• YOUR ASSIGNMENT: From the line with "Page 46 ACT" to the line with "Kết quả vòng", output every line below exactly, both ends included. Skip the pictures.

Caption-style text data
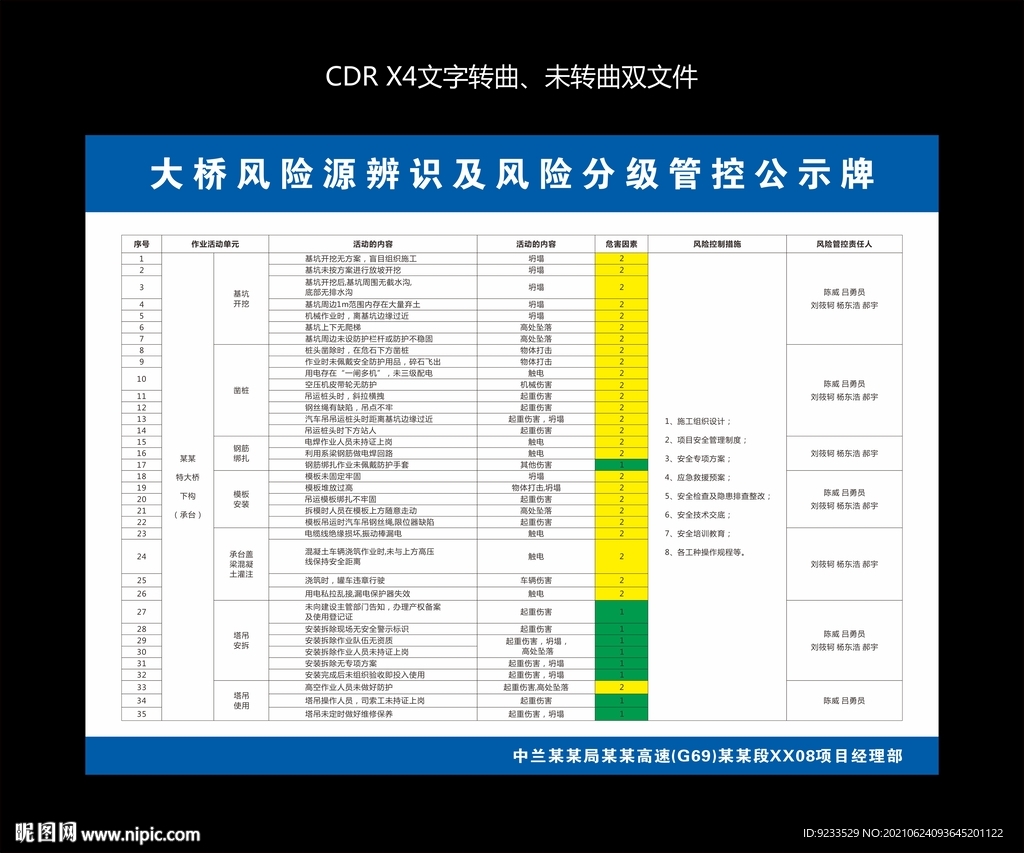 桥梁风险源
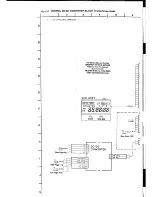 Предварительный просмотр 234 страницы Sony CCD-F555E Service Manual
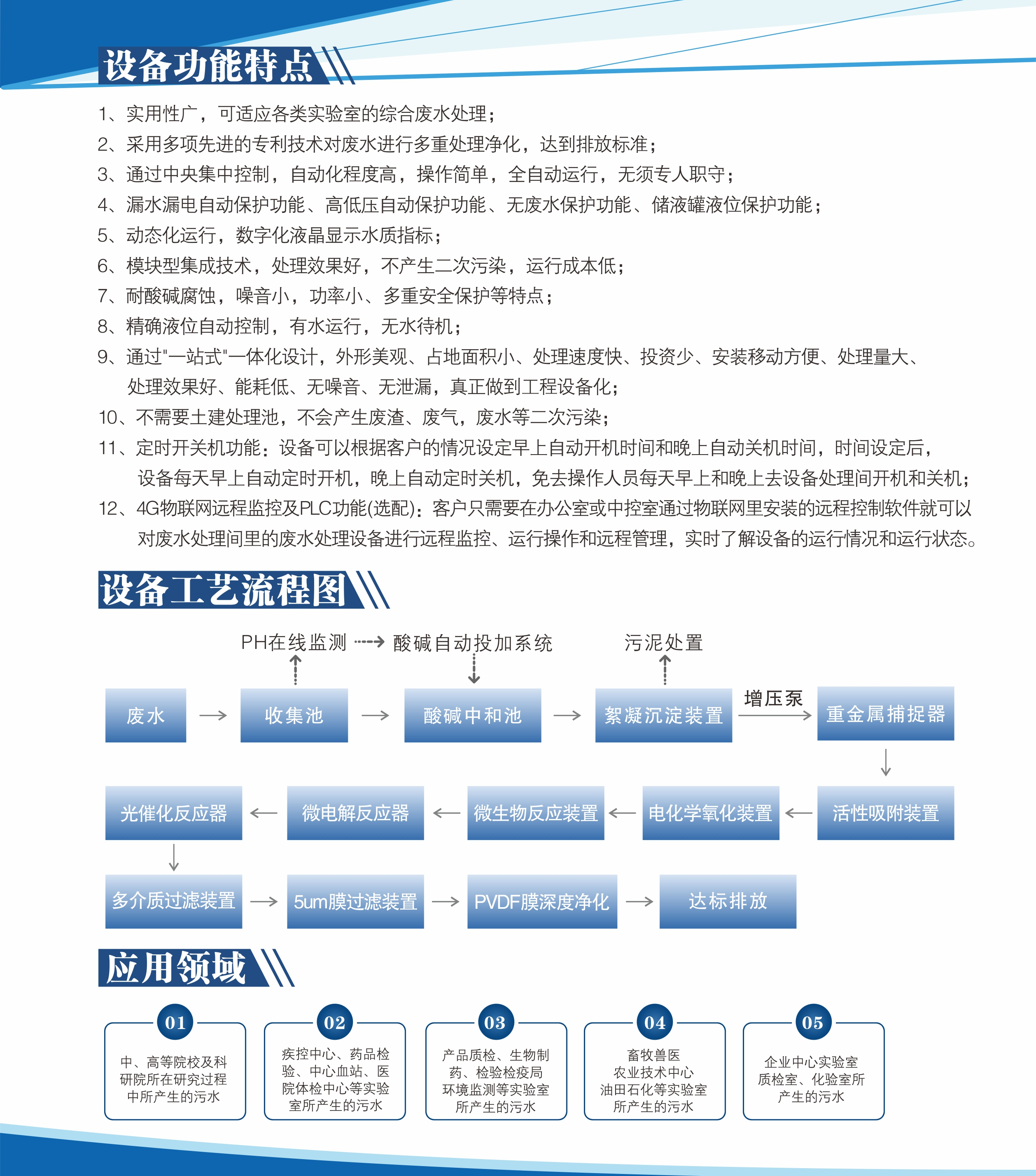 4T-10T综合废水处理设备（组合型）插图1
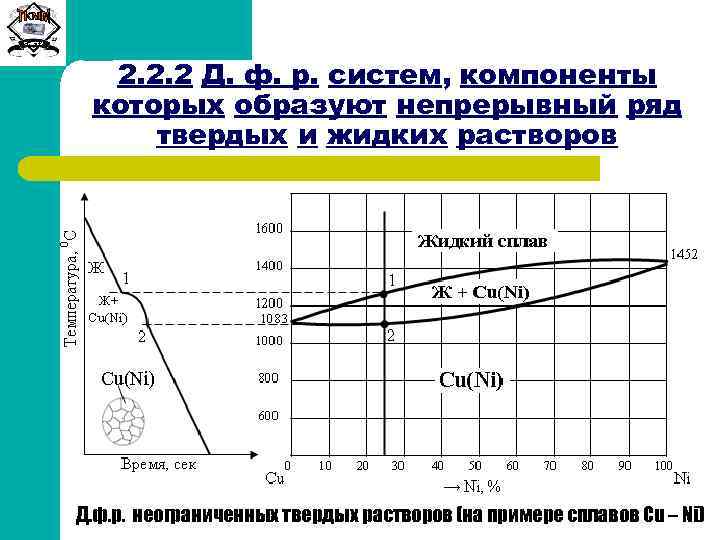 Сиб. ГТУ 2. 2. 2 Д. ф. р. систем, компоненты которых образуют непрерывный ряд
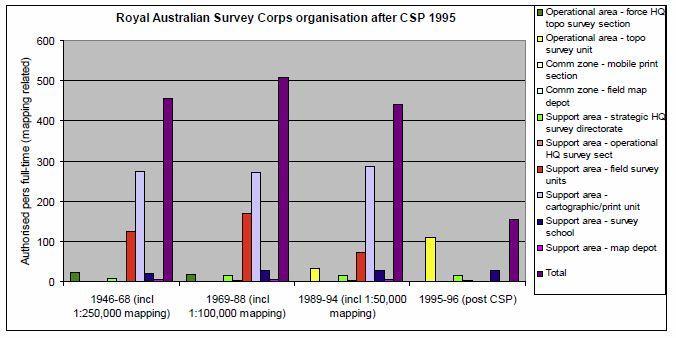Page 46 ACT Newsletter Issue 2/11 organisation over the 50 years since World War II. Figure 4.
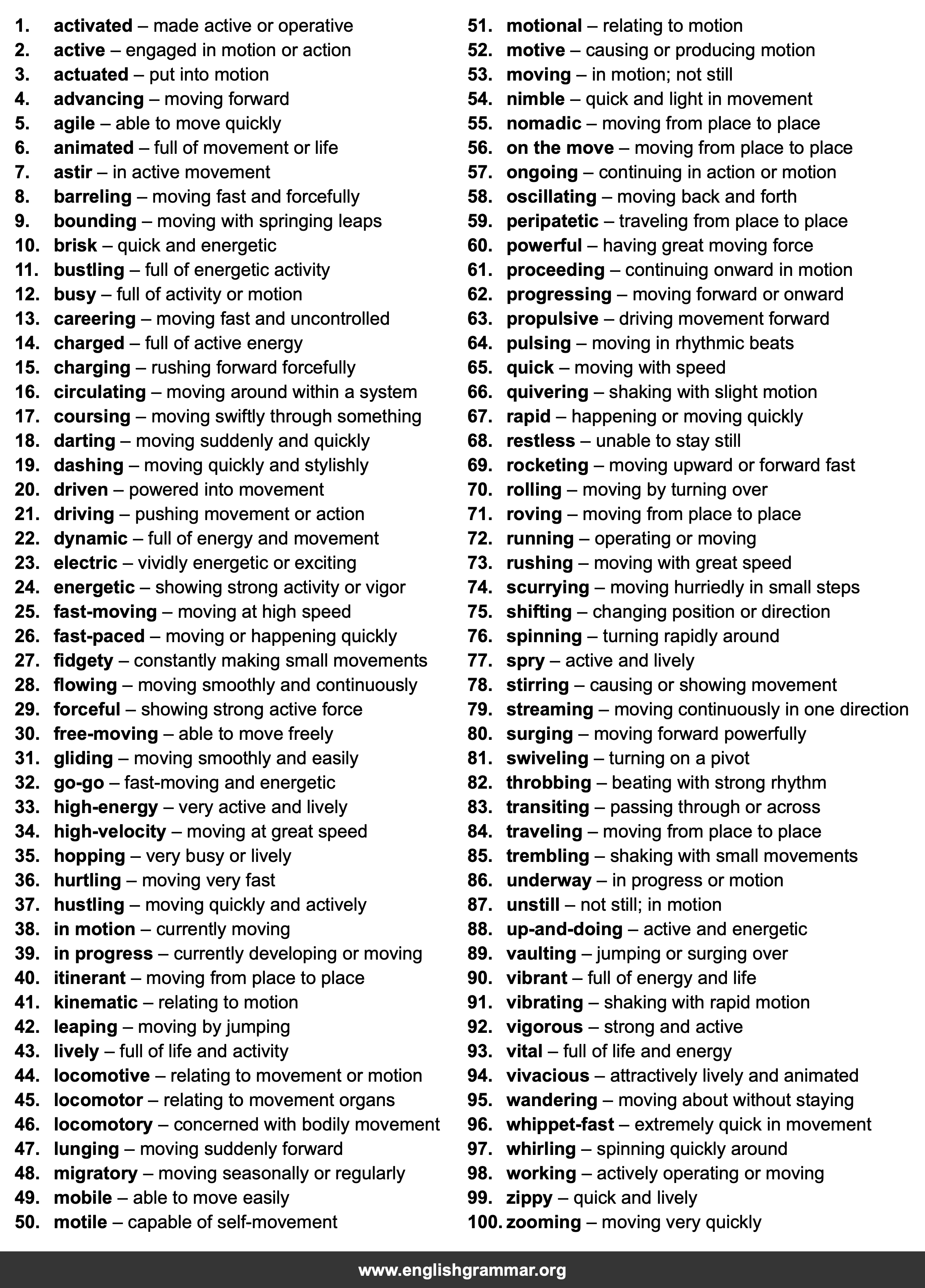 100 Best Synonyms for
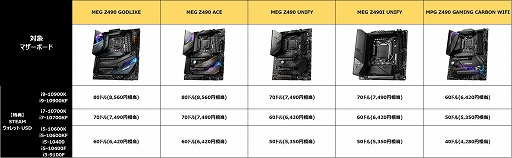 ���������꡼ No.002�Υ���ͥ������ / MSI��Z490�ޥ����ܡ��ɤ���10����Core��Ʊ�������Ǻ���1��2000��������Steam������åȥ����ɤ���館��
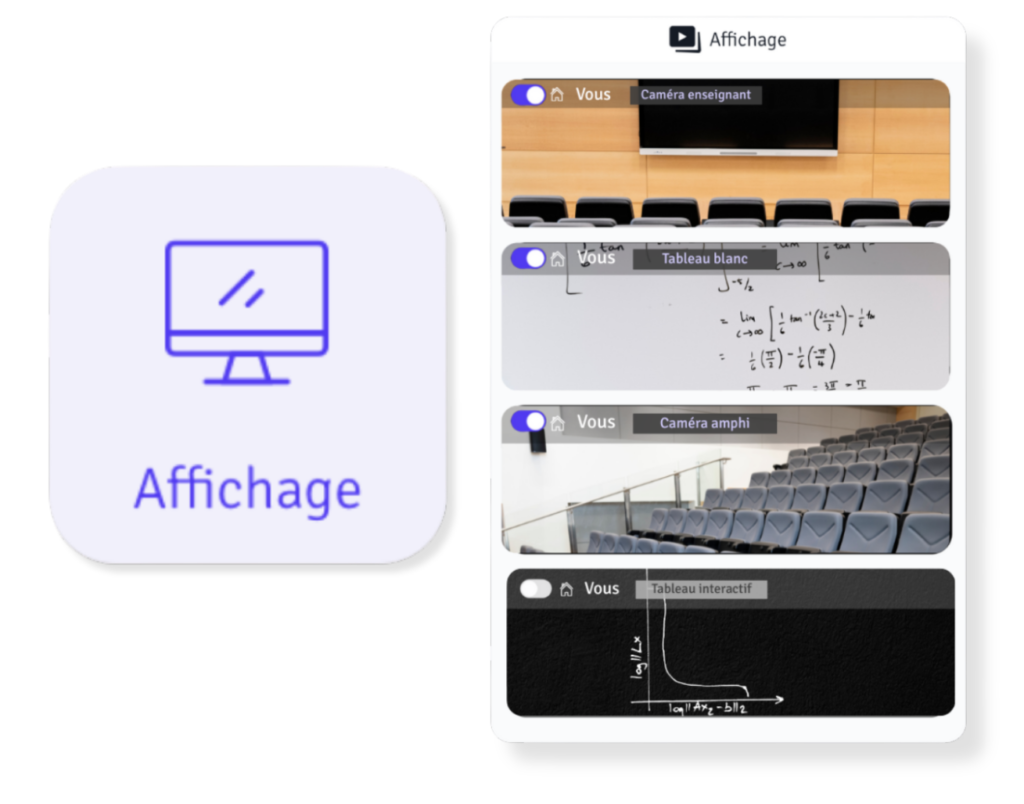 Activer affichage
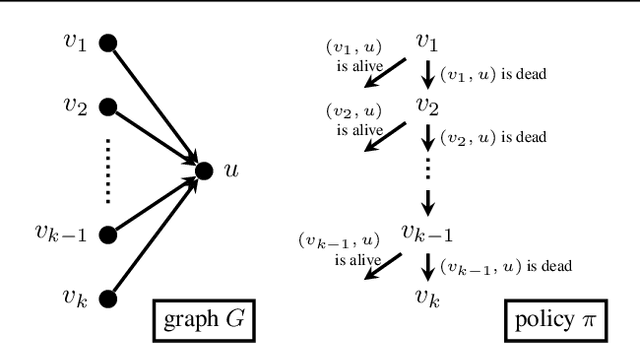 Figure 2 for Beyond Adaptive Submodularity: Approximation Guarantees of Greedy Policy with Adaptive Submodularity Ratio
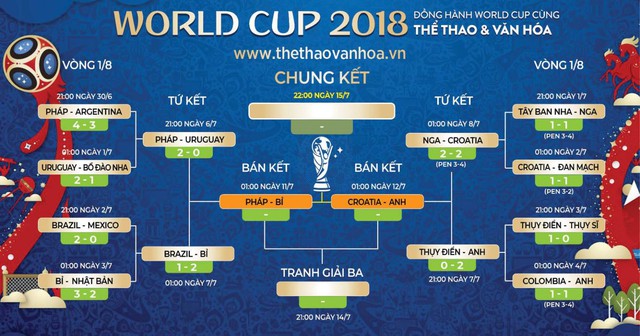 Kết quả vòng bán kết World Cup 2018. Lịch thi đấu bán kết World Cup 2018. Lịch thi đấu World Cup 2018. Lịch WC 2018. Dự đoán bóng đá. Trực tiếp bóng đá. VTV3 trực tiếp. Trực tiếp VTV3. Croatia vs Anh. Nhận định bóng đá bóng đá. Chọn kèo phóng đá. Tỉ lệ cá cược.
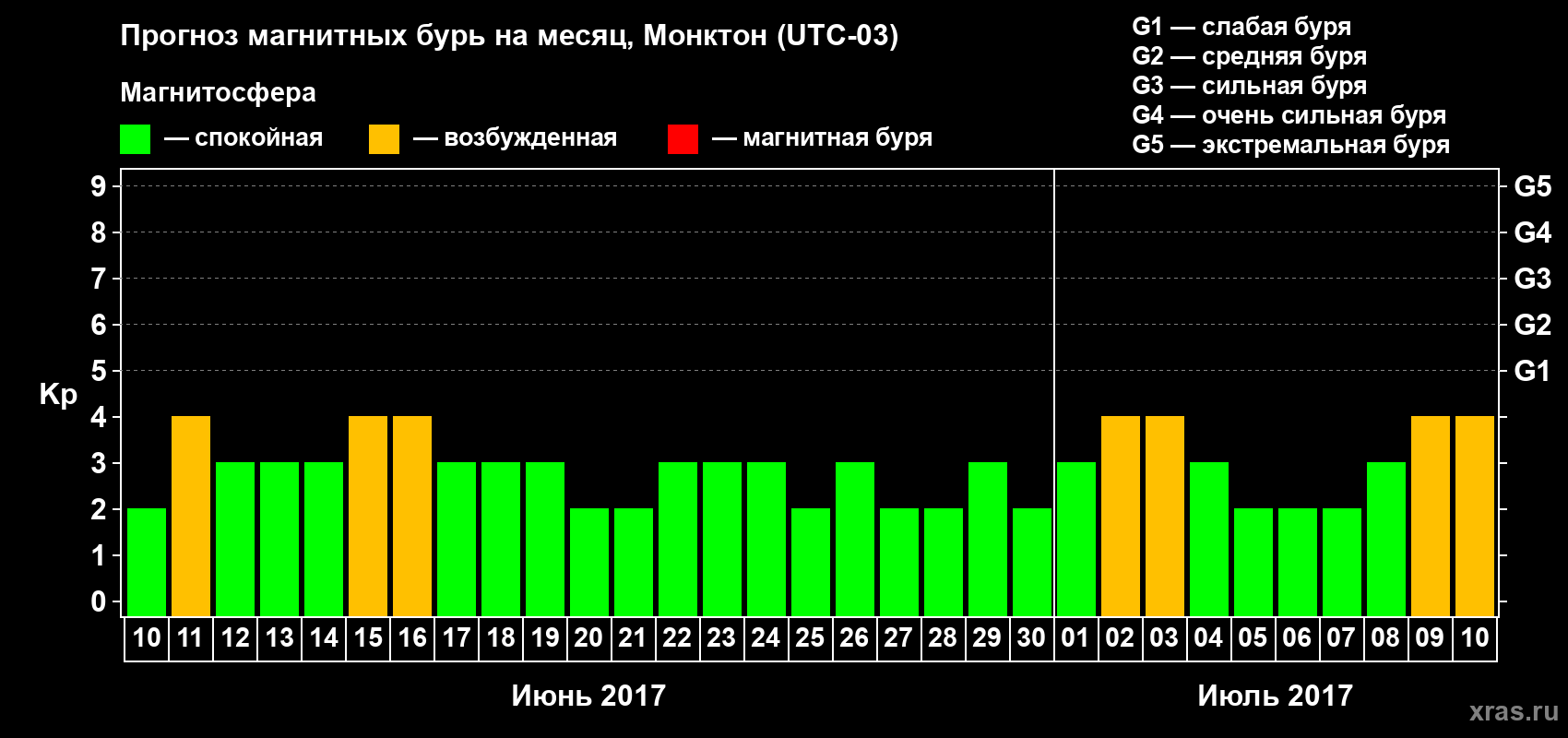Прогноз максимального суточного геомагнитного индекса Kp на <b>1 месяц</b> (31 день) <b>с 10 июня по 10 июля 2017 г</b>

• YOUR SOLUTION:
Page 46 ACT Newsletter Issue 2/11 organisation over the 50 years since World War II. Figure 4.
 100 Best Synonyms for
 ���������꡼ No.002�Υ���ͥ������ / MSI��Z490�ޥ����ܡ��ɤ���10����Core��Ʊ�������Ǻ���1��2000��������Steam������åȥ����ɤ���館��
 Activer affichage
 Figure 2 for Beyond Adaptive Submodularity: Approximation Guarantees of Greedy Policy with Adaptive Submodularity Ratio
 Kết quả vòng bán kết World Cup 2018. Lịch thi đấu bán kết World Cup 2018. Lịch thi đấu World Cup 2018. Lịch WC 2018. Dự đoán bóng đá. Trực tiếp bóng đá. VTV3 trực tiếp. Trực tiếp VTV3. Croatia vs Anh. Nhận định bóng đá bóng đá. Chọn kèo phóng đá. Tỉ lệ cá cược.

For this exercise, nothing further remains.